Work needed to move alpha particle

[fruitbubbles]

Homework Statement

Four electrons are located at the corners of a square 10.0 nm on a side, with an alpha particle at its midpoint.
How much work is needed to move the alpha particle to the midpoint of one of the sides of the square?

Homework Equations

W = PE_o-PE_f
PE (if several point charges) = q_o*k*Σ(q/r)
q_o will be the alpha particle (2*(1.6*10^-19 C))
, and the other q will be the 4 electrons

The Attempt at a Solution

[/B]
I use the Pytagorean Theorem to find the original distance from each electron to the alpha particle, and I get (.00707 m). Since all four electrons are the same charge and same distance, I multiple 4*(e^-/.00707) and then by k and q_o, and get a PE_o of -2.6*10^-25J. To get PE_f, I calculate the distance, but this time since it will be in the midpoint of one of the sides of the square, the alpha particle will be .005 m from two of the electrons, and again using the Pythagorean Theorem I calculate that it is 0.0112 m from the other two. I plug all that into the equation for PE to get PE_f, which I get as -2.66*10^-25 J (awfully close to the original PE, which seems kinda weird). Then I do W = PE_o-PE_f and get 6*10^-27J of work done, but the answer is -6.08*10^-21 J. I'm not really sure where I went wrong.

 

[Doc Al]

I use the Pytagorean Theorem to find the original distance from each electron to the alpha particle, and I get (.00707 m).

The dimensions are given in nm. 1 nm = 10^-9 m.

 

[fruitbubbles]

The dimensions are given in nm. 1 nm = 10^-9 m.

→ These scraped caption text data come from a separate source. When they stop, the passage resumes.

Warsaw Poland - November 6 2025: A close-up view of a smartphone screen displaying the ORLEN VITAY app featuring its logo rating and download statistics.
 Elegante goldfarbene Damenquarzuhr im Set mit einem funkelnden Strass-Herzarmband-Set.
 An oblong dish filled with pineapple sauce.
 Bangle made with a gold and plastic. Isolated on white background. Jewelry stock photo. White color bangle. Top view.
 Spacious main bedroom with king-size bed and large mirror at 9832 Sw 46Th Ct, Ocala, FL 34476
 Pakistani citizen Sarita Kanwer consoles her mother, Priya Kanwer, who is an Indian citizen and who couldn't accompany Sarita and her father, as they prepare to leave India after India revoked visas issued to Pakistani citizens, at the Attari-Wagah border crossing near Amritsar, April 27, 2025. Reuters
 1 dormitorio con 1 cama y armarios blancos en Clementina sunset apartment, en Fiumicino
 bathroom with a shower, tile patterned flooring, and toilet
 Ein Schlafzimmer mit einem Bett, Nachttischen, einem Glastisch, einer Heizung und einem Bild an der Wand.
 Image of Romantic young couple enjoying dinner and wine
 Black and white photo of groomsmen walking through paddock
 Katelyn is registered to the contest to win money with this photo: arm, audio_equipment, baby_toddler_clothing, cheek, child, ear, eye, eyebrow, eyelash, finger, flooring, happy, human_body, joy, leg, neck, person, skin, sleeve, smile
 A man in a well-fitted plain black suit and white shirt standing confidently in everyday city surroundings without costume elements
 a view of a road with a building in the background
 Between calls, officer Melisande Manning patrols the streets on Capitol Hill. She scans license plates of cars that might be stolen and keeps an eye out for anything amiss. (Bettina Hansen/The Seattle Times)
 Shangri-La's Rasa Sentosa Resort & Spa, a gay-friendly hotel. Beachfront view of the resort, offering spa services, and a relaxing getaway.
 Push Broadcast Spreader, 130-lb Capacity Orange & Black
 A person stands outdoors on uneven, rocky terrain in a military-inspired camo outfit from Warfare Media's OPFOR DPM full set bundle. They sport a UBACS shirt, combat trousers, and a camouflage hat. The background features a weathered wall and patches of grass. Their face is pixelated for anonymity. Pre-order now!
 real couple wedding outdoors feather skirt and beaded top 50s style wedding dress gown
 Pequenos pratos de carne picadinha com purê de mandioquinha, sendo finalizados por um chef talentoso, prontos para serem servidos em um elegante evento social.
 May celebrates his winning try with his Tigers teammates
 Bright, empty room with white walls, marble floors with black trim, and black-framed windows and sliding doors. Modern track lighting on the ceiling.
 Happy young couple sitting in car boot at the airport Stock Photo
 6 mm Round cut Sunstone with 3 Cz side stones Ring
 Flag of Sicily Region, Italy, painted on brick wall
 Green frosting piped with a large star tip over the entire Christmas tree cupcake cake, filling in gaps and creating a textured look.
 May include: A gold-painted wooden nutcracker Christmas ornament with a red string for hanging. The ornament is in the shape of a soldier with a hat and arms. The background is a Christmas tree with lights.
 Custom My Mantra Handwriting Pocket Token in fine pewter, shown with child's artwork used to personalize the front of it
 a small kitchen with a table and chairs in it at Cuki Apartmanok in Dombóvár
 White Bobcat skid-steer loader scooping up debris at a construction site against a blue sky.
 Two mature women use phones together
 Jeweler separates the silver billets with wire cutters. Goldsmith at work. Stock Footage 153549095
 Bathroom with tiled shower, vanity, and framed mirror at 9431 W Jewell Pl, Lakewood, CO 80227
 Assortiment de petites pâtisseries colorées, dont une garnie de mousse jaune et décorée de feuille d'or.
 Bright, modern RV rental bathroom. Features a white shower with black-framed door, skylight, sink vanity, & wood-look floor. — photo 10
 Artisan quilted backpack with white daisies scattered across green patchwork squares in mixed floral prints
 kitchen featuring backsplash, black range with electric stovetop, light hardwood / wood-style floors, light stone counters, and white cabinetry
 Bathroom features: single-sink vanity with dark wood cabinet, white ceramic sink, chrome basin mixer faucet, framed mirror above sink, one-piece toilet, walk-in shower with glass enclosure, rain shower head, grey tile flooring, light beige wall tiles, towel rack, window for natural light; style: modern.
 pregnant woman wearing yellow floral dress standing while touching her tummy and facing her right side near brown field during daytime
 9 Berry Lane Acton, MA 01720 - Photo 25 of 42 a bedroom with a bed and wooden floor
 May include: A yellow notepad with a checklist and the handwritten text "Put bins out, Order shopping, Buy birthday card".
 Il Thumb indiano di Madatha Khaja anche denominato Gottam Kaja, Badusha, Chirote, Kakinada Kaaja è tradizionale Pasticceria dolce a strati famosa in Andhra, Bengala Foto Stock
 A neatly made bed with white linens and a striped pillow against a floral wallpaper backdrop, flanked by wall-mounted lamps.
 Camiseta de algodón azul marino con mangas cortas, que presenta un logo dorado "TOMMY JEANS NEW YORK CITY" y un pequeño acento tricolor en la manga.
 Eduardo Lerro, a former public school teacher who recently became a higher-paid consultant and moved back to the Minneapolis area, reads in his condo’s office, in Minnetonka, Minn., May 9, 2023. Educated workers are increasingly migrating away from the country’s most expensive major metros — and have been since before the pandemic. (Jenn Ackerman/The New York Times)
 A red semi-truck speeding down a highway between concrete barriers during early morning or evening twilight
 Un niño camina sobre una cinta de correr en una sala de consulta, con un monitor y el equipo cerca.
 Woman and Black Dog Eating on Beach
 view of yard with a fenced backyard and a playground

Oops, my mistake. I see that now I'm getting the right power, but I'm not sure why the answer should be negative when my answer is positive. Is it because since the positive alpha particles is getting closer to two electrons (which attract the positive charges), the PE decreases?

 

[haruspex]

, but I'm not sure why the answer should be negative when my answer is positive. Is it because since the positive alpha particles is getting closer to two electrons (which attract the positive charges), the PE decreases?

Yes.

 

[fruitbubbles]

Yes.

I don't understand why..just setting up the equation W = PE₀-PE_f wouldn't just take care of the sign, since we are calculating the work. Like, why does there have to be..further thinking about it after calculating W?

 

[haruspex]

I don't understand why..just setting up the equation W = PE₀-PE_f wouldn't just take care of the sign, since we are calculating the work. Like, why does there have to be..further thinking about it after calculating W?

The trouble with just applying equations like that is that you have to remember exactly what the terms stand for. What precisely is W in that equation?